Bugzilla Link	PR41536
Status	REOPENED
Importance	P enhancement
Reported by	Casey Carter (Casey@Carter.net)
Reported on	2019-04-18 19:35:27 -0700
Last modified on	2019-04-19 18:59:49 -0700
Version	8.0
Hardware	PC Windows NT
CC	blitzrakete@gmail.com, dgregor@apple.com, efriedma@quicinc.com, erik.pilkington@gmail.com, llvm-bugs@lists.llvm.org, richard-llvm@metafoo.co.uk, rnk@google.com
Fixed by commit(s)
Attachments
Blocks
Blocked by
See also

Compiling this program:

  extern const char str[] = "\u0020\u00f4\u00e2";

  int main() {
    static_assert(sizeof(str) == 4, "BOOM");
    static_assert(sizeof(str) != 6, "BOOM");
  }

with "cl /FA /c" (presumably any version; notably the 19.20 release on Compiler
Explorar) succeeds, and produces assembly output containing the line:

  ?str@@3QBDB DB    ' ', 0f4H, 0e2H, 00H            ; str

note the three universal-character-names (UCNs) have been replaced with the
appropriate corresponding WINDOWS-1252 encodings,which happen to use the same
code unit values as Unicode, as required by [lex.ccon]/9.

Compiling the same program with "clang-cl /FA /c" does not succeed: both
static_asserts fire. Commenting them out, the produced assembly contains the
line:

  .asciz    " \303\264\303\242"

which, despite using superior AT&T syntax, is substantially different. The UCNs
are now encoded in UTF-8, which will produce mojibake when output to a console
expecting WINDOWS-1252. \u0080 is another good example; cl rejects it since
U+0080 has no representation in WINDOWS-1252 whereas clang-cl encodes U+0080 in
UTF-8 without complaint.

Quuxplusone commented 5 years ago

I think clang is working as intended here. I looked at [lex.charset] in the C++
standard, and it specifically says that these \u characters are characters in
the UCS ISO standard:

"""
The character designated by the universal-character-name \UNNNNNNNN is that
character whose character
short name in ISO/IEC 10646 is NNNNNNNN; the character designated by the
universal-character-name \uNNNN
is that character whose character short name in ISO/IEC 10646 is 0000NNNN. I
"""

It's arguable that we should strive for bug-for-bug compatibility with MSVC in
this case, but I personally don't think we should.
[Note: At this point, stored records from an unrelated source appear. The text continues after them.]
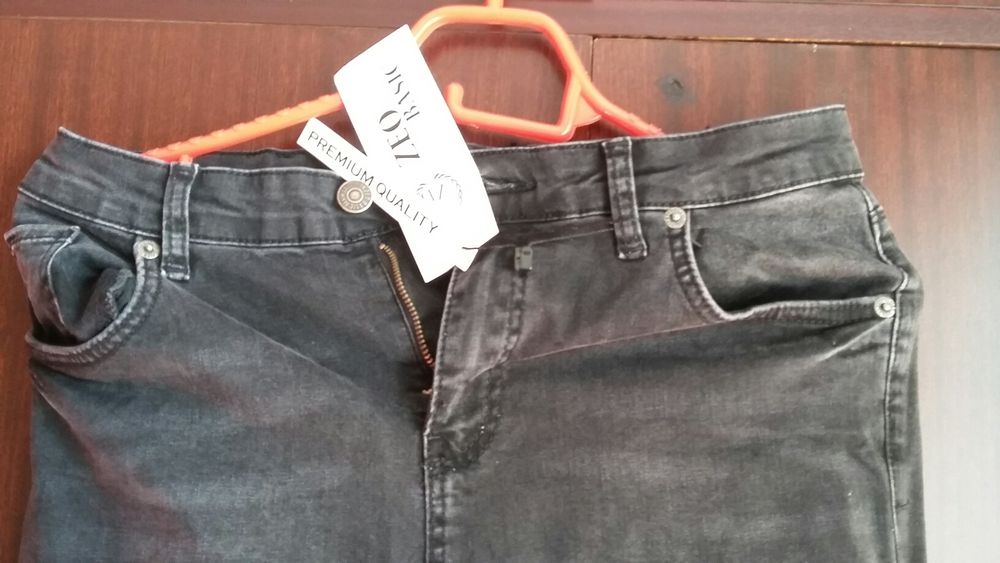Новые черные джинсы, штаны, брюки 26 размер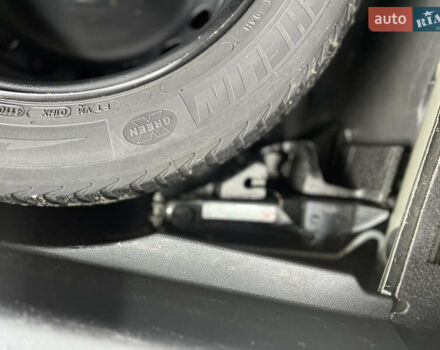 Рено Сценік 2012 у Вінниці на Automoto.ua Чорний Рено Сценік, об'ємом двигуна 1.6 л та пробігом 202 тис. км за 8700 $, фото 54 на Automoto.ua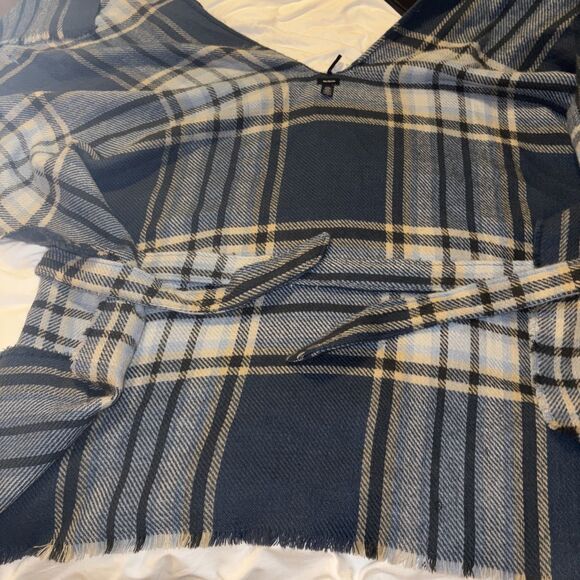 Women's  Cape- Wrap Blue plaid for Fall or Winter ,One Size - Picture 10 of 11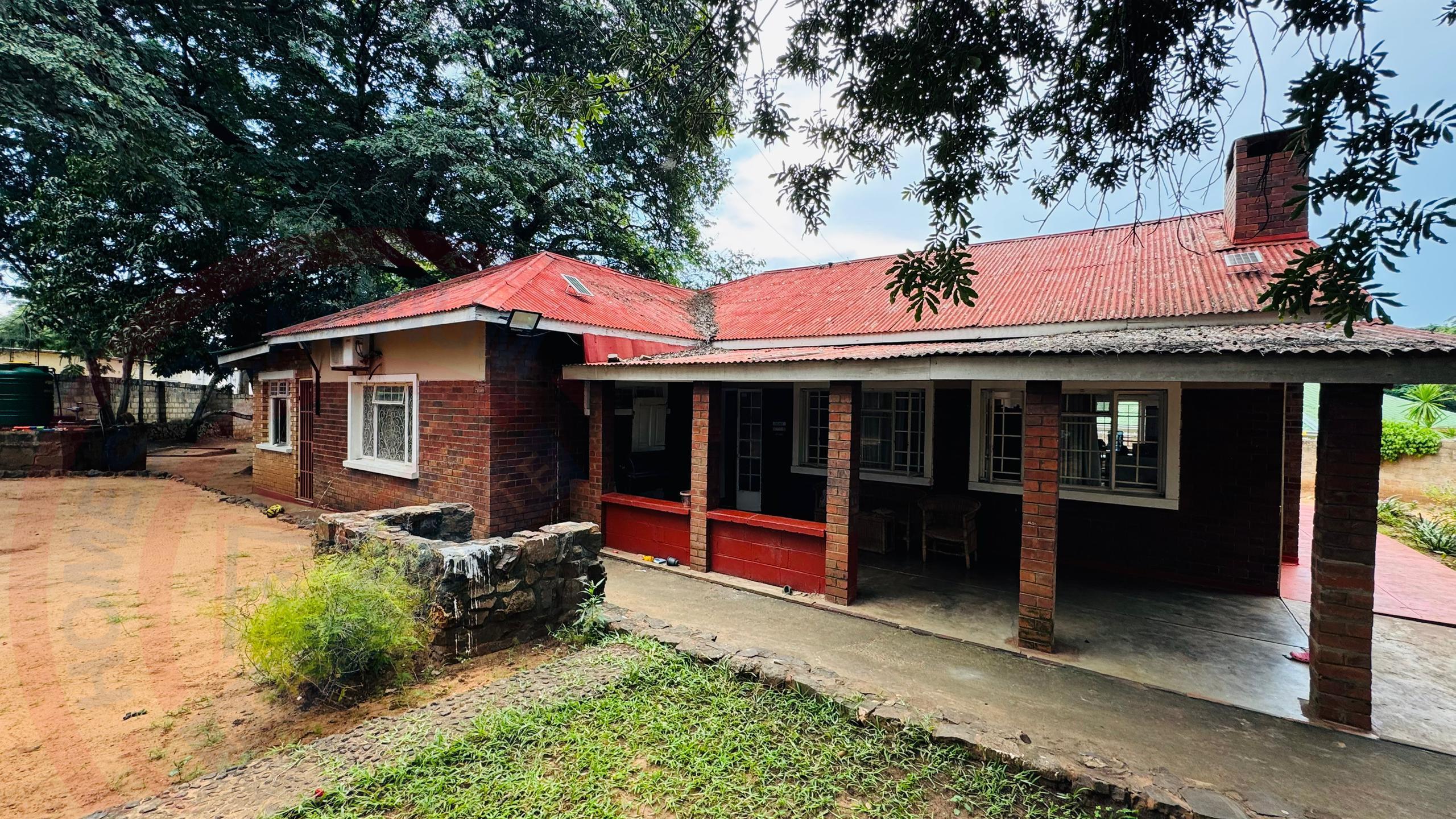 3 bedroom Townhouse for sale in Livingstone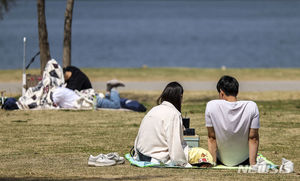 낮 20도 안팎 포근한 총선 본투표날…일교차 커(오늘 날씨 예보)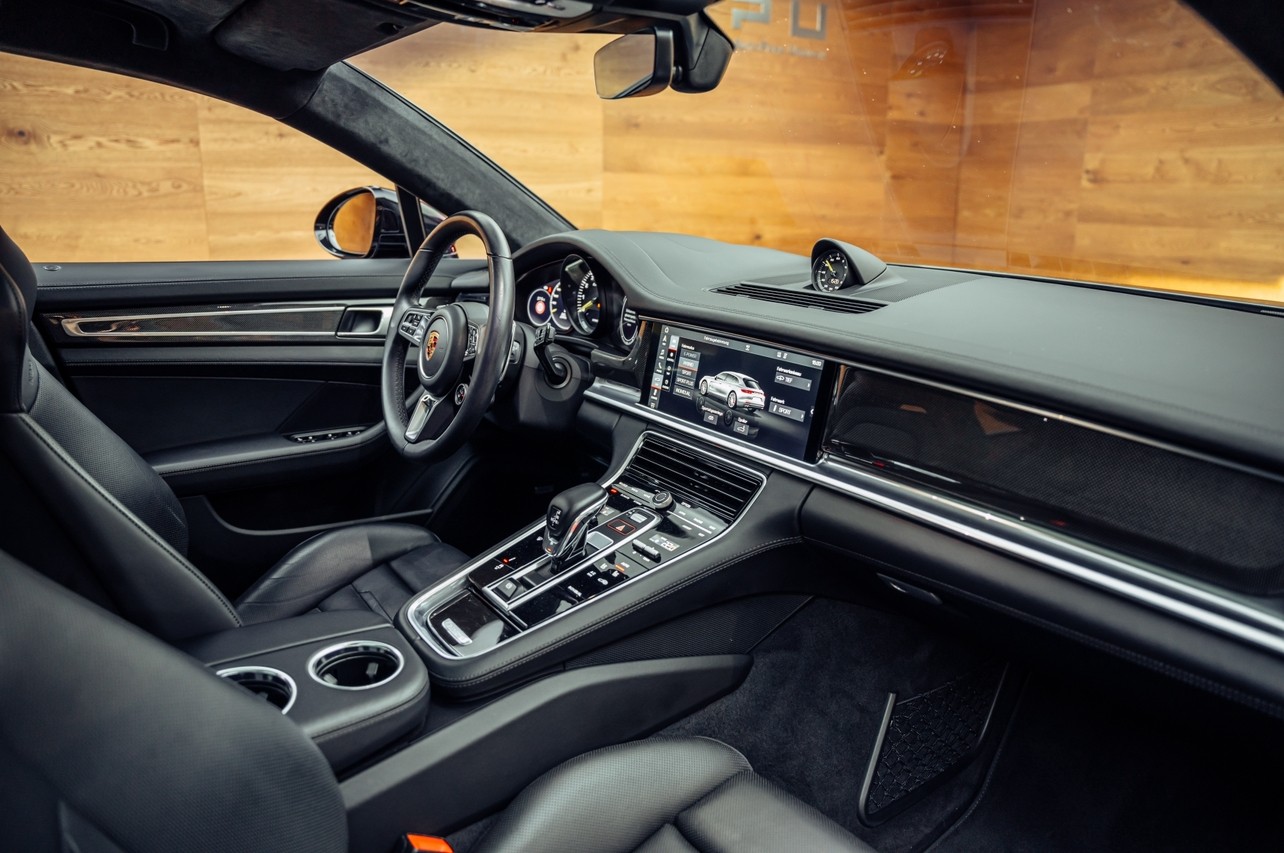 PORSCHE Panamera Turbo S E-Hybrid Sport Turismo PDK-image-5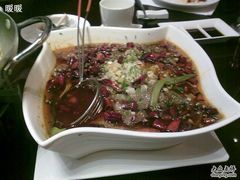 水煮牛肉-长兴楼饭店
Regarding the very real concern of emitting unicode in a Windows command
prompt, my advice is to always stick to the wide APIs, unfortunately. LLVM
itself goes to the trouble to directly call WriteConsoleW:
https://github.com/llvm/llvm-project/blob/2946cd701067404b99c39fb29dc9c74bd7193eb3/llvm/lib/Support/raw_ostream.cpp#L652

Quuxplusone commented 5 years ago

There's a real issue here, I think. Yes, "\U" escapes specify a Unicode character, but the standard doesn't specify how Unicode characters are encoded (outside of u/U/u8 string literals).

Specifically, the issue here is that clang-cl has a different default from cl for /execution-charset.

clang currently does not support anything equivalent to the MSVC /execution-charset flag. It assumes the source and execution charset are both UTF-8 (as if the MSVC "/utf-8" flag was passed). We mostly get away with this at the moment because most source code is ASCII, and we have a hack to pass through the raw bytes of string literals even if they aren't valid UTF-8.

It's not clear we would actually want to change the defaults here, but it seems like a legitimate request to provide the option to specify /execution-charset and /source-charset.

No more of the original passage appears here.